Crimean Tatar singer Susana Jamaladinova known as Jamala speaks during a rehearsal in Kiev
AFP

Moscow (AFP) – Several Russian lawmakers on Monday denounced Ukraine’s choice of a Crimean Tatar to represent the country in this year’s Eurovision song contest, calling it a political choice aimed at vilifying Russia. 

“It is a strange choice.

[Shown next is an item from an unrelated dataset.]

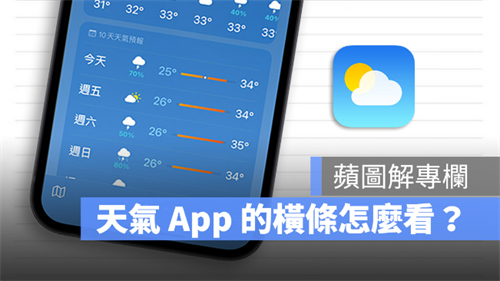 教你看懂iPhone天气App彩色横条以及小白点的意思 第1张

I am convinced that this vote is intended to offend Russia,” Vadim Dengin, head of the Information Committee in the parliament’s lower house, the State Duma, told the RIA Novosti news agency.

Jamala, a well-known jazz singer in Ukraine, on Sunday beat five other finalists competing to represent the country at Eurovision in Stockholm in May. 

For the contest, she will sing “1944” — a harrowing song about Stalin’s wartime deportation of the Muslim Tartar minority of Crimea, memories of which have been revived by Russia’s annexation of the Crimean peninsula in 2014. 

“It is a political choice,” said Leonid Slutsky, chairman of the Duma committee for relations with former Soviet states, although he called for a response which was not too “tough”. 

Crimea’s pro-Russian authorities also accused Kiev of exploiting the tragedy of the Tartars of Crimea through its Eurovision entry. 

“The Ukrainian authorities are going to try to use the song” for political ends, “capitalising on the tragedy of the Tartars to impose on European viewers a false picture of alleged harassment of the Tartars in the Russian Crimea,” Crimea’s pro-Moscow deputy prime minister Russlan Balbek told RIA Novosti. 

Jamala’s song is about the tragedy that befell her great-grandmother in 1944 when Soviet dictator Josef Stalin deported 240,000 Tatars — or nearly the entire community — to barren Central Asia and other far-flung lands. 

Crimean Tatars, who began returning to their ancestral homeland after the fall of the Soviet Union in 1991, were horrified by Russia’s takeover of the region in 2014, with the majority opposing the new authorities. 

In the wake of Russia’s annexation, many Tatar activists were arrested or had their homes raided. 

The international community has not recognised Russia’s annexation and the United Nations has condemned widespread human rights violations against the Tatar community.